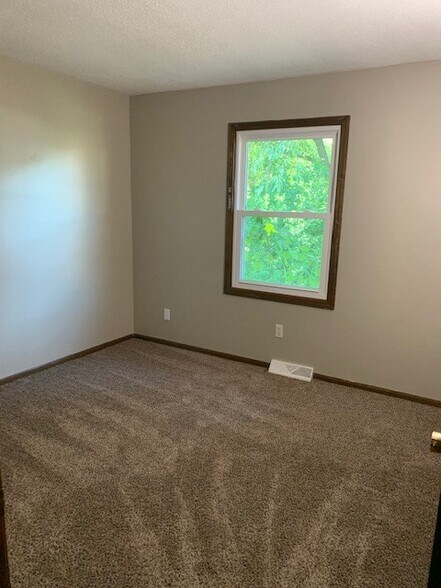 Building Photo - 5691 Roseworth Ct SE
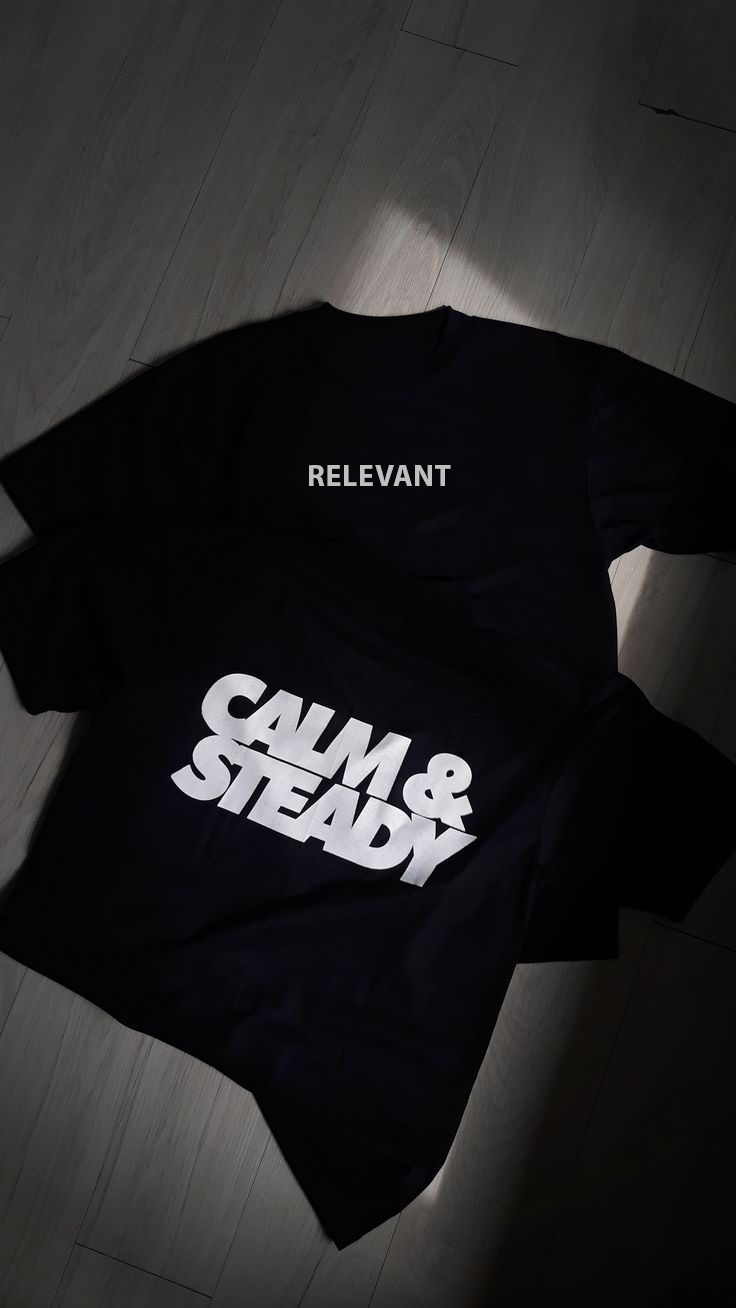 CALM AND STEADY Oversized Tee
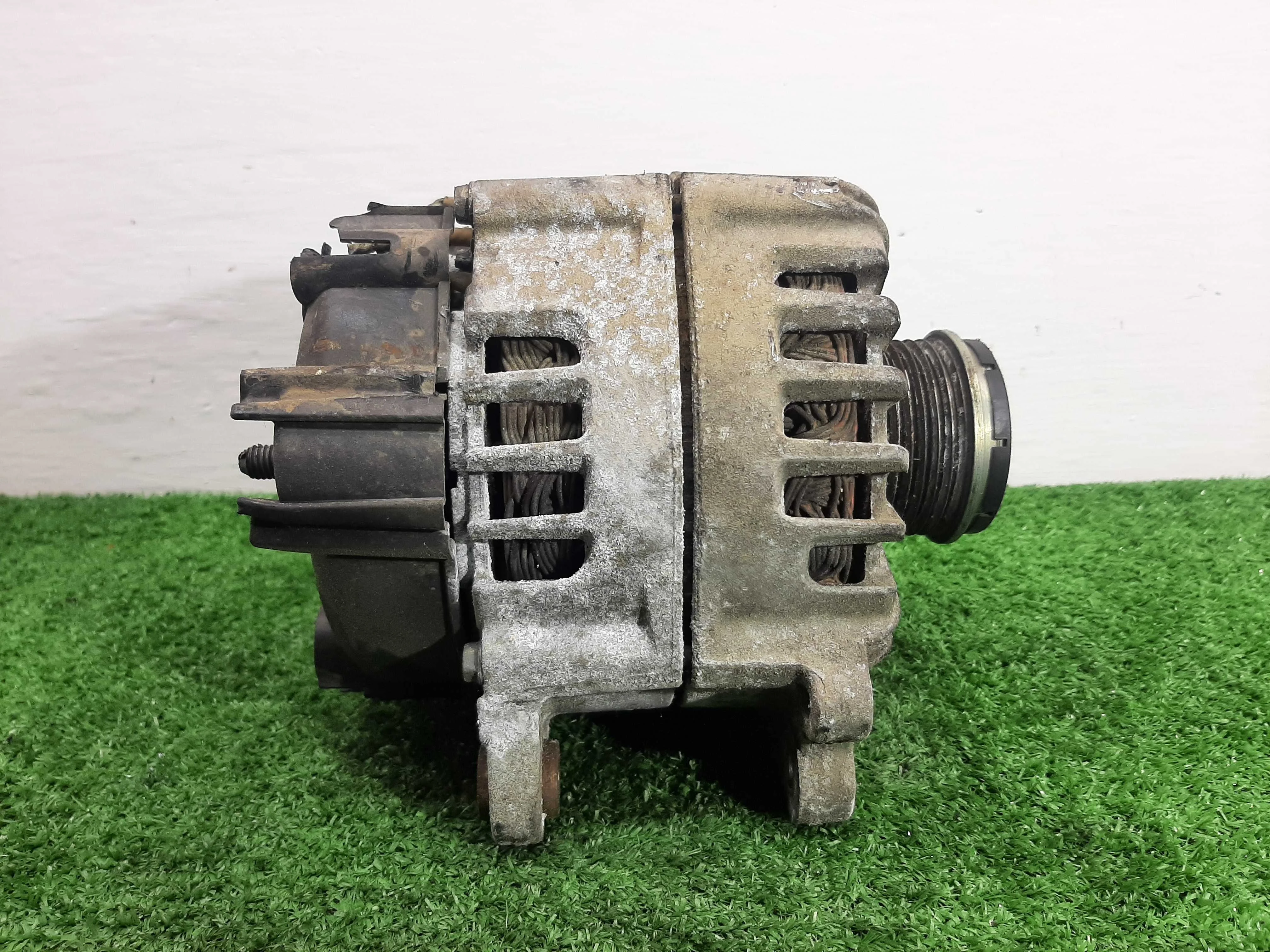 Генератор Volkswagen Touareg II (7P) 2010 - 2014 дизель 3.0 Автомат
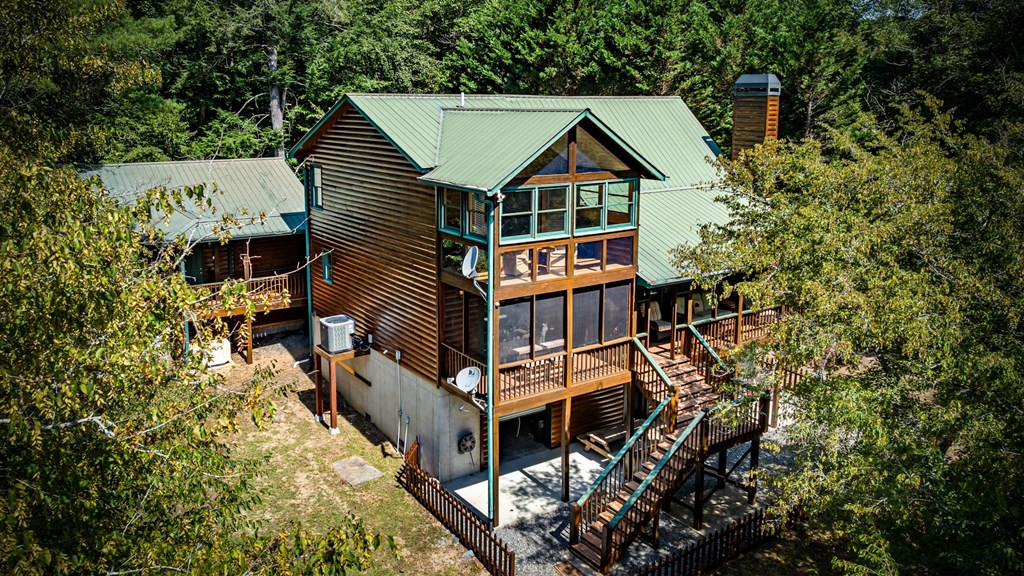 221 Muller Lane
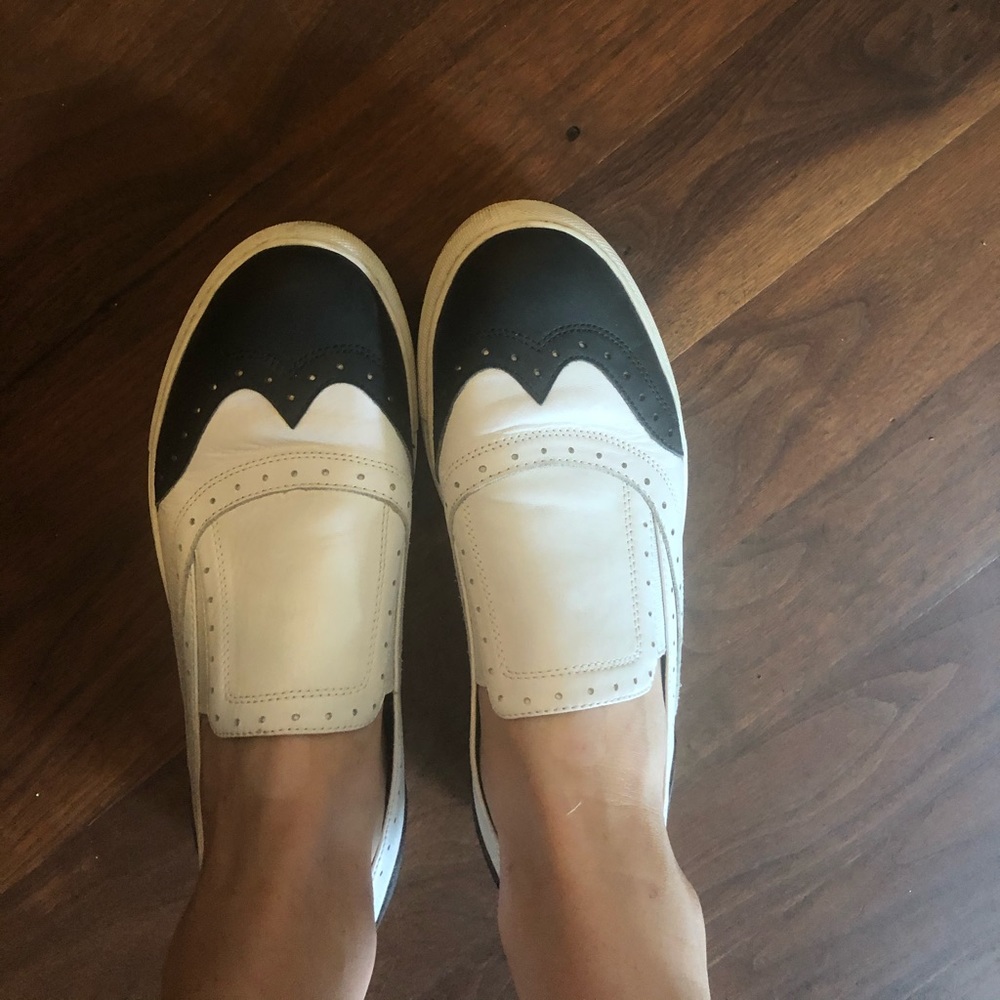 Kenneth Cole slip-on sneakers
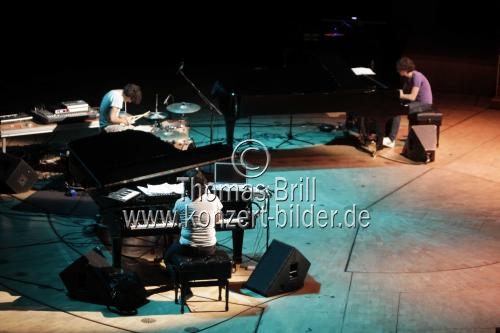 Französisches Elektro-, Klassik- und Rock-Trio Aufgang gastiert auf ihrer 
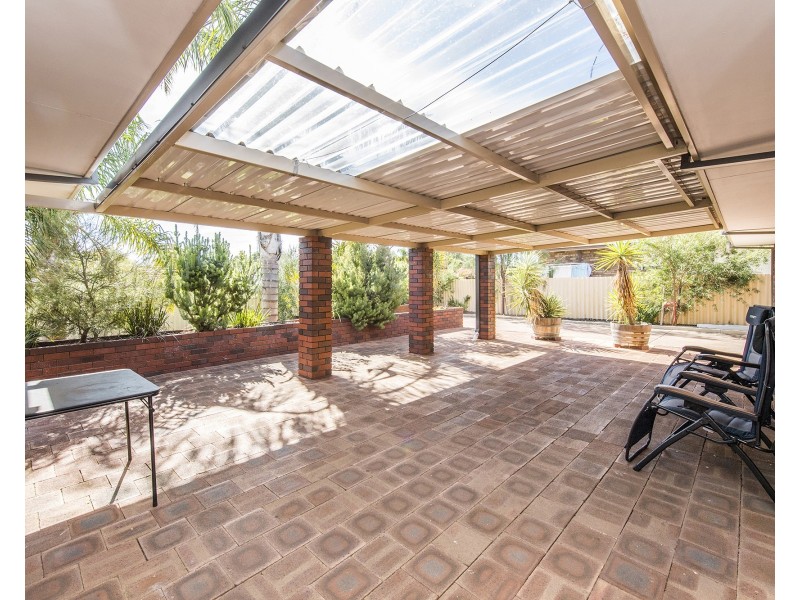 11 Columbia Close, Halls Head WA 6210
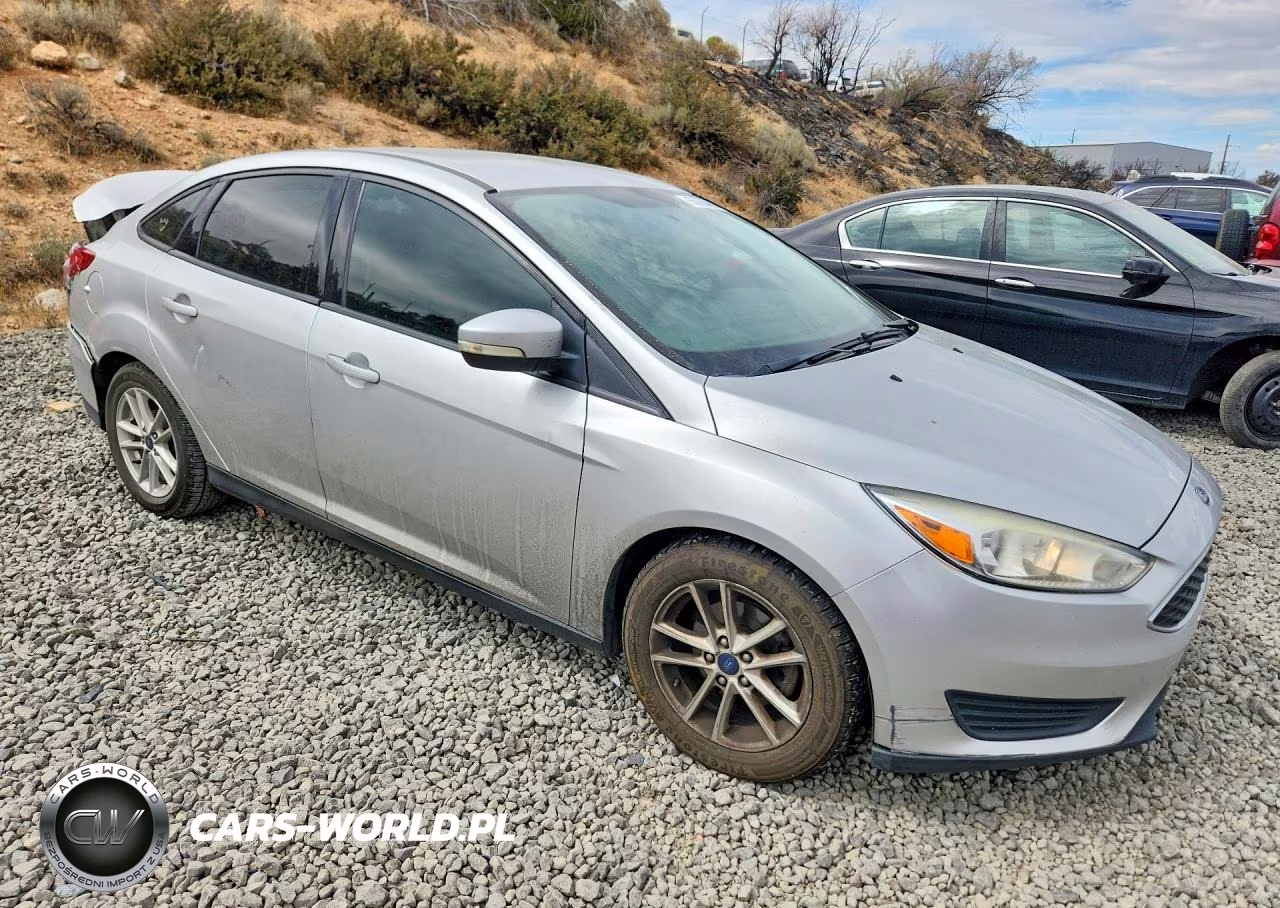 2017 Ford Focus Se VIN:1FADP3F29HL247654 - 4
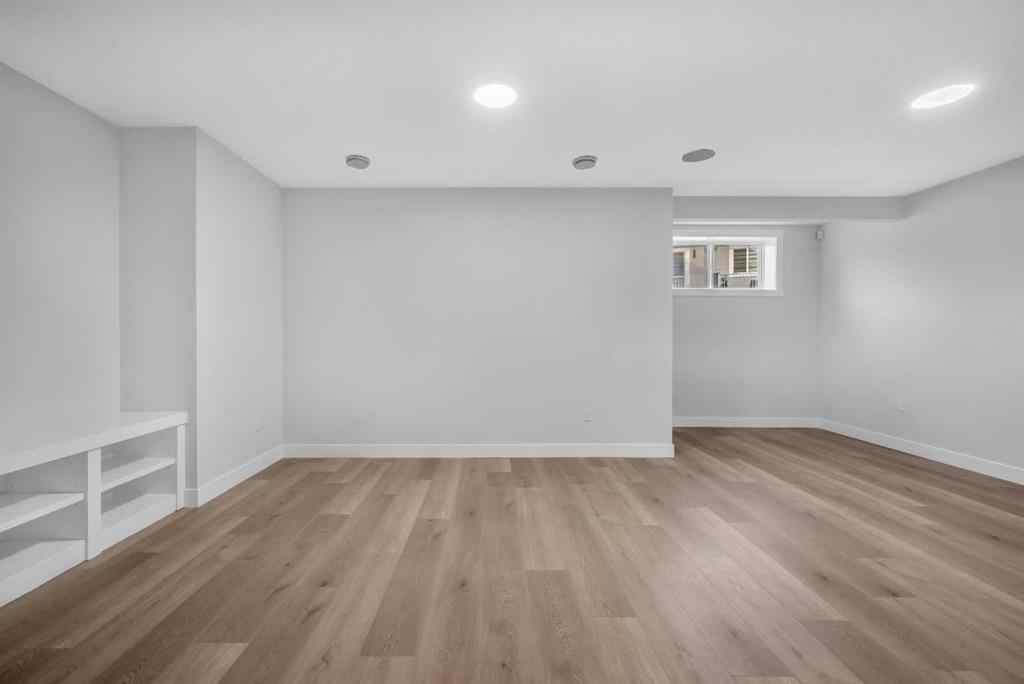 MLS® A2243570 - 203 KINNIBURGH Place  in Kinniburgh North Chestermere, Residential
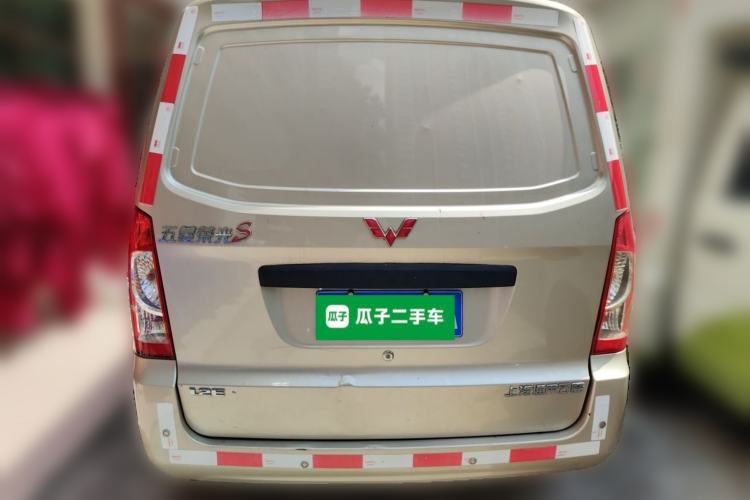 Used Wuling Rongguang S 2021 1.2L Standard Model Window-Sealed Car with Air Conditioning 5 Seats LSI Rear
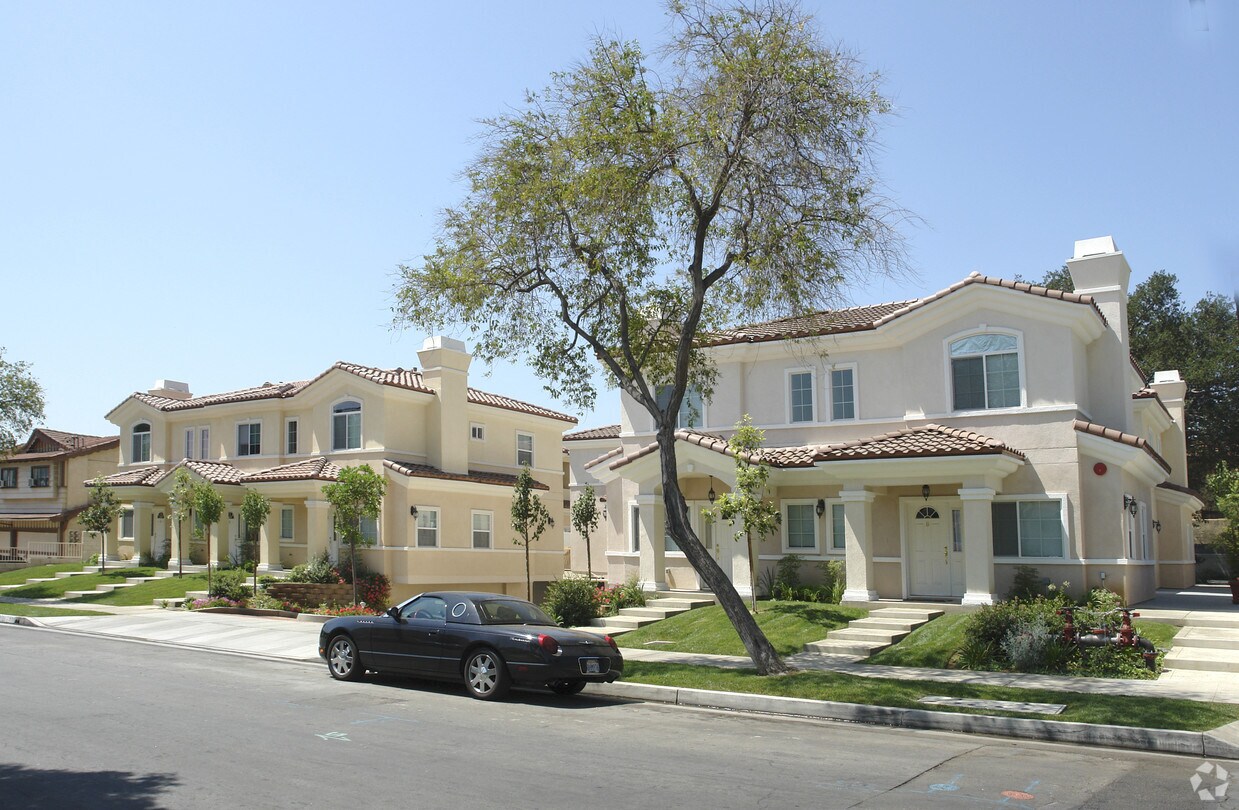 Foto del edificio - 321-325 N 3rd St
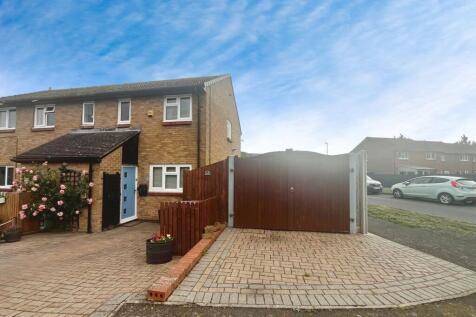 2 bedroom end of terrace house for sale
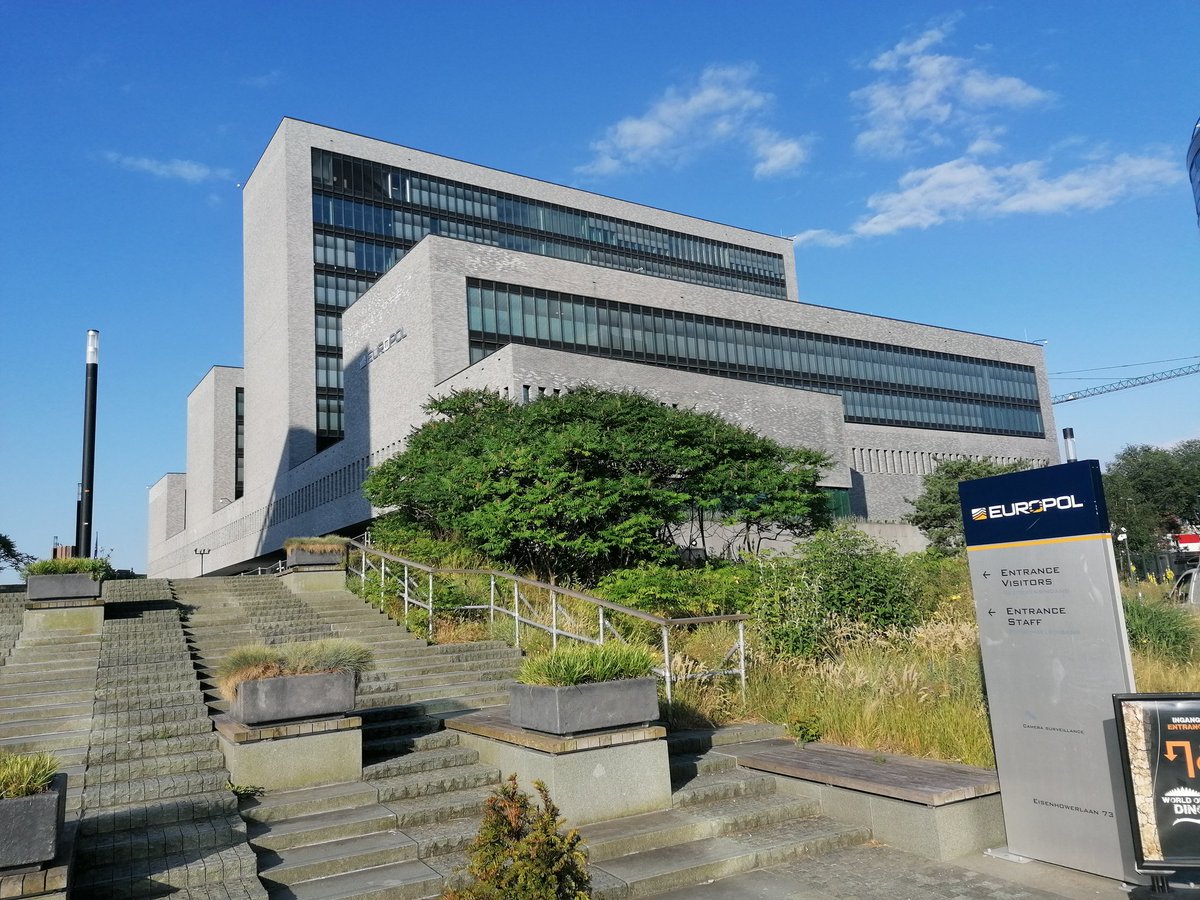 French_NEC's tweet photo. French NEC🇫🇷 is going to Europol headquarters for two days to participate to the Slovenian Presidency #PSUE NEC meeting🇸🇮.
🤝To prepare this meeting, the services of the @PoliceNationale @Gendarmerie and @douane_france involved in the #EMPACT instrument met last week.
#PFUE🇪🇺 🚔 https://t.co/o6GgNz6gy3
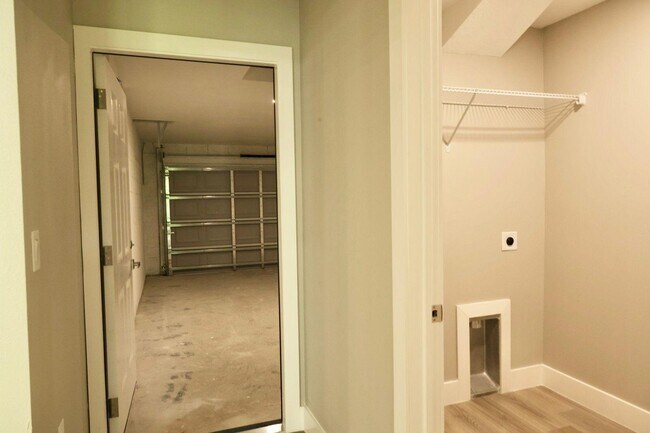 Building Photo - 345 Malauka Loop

------

• _About this task_:
When you reach the line containing "met last week." in the records above, write out that line and every line after it through the end, exactly, but omit the pictures.

• _Result below_:
🤝To prepare this meeting, the services of the @PoliceNationale @Gendarmerie and @douane_france involved in the #EMPACT instrument met last week.
#PFUE🇪🇺 🚔 https://t.co/o6GgNz6gy3
 Building Photo - 345 Malauka Loop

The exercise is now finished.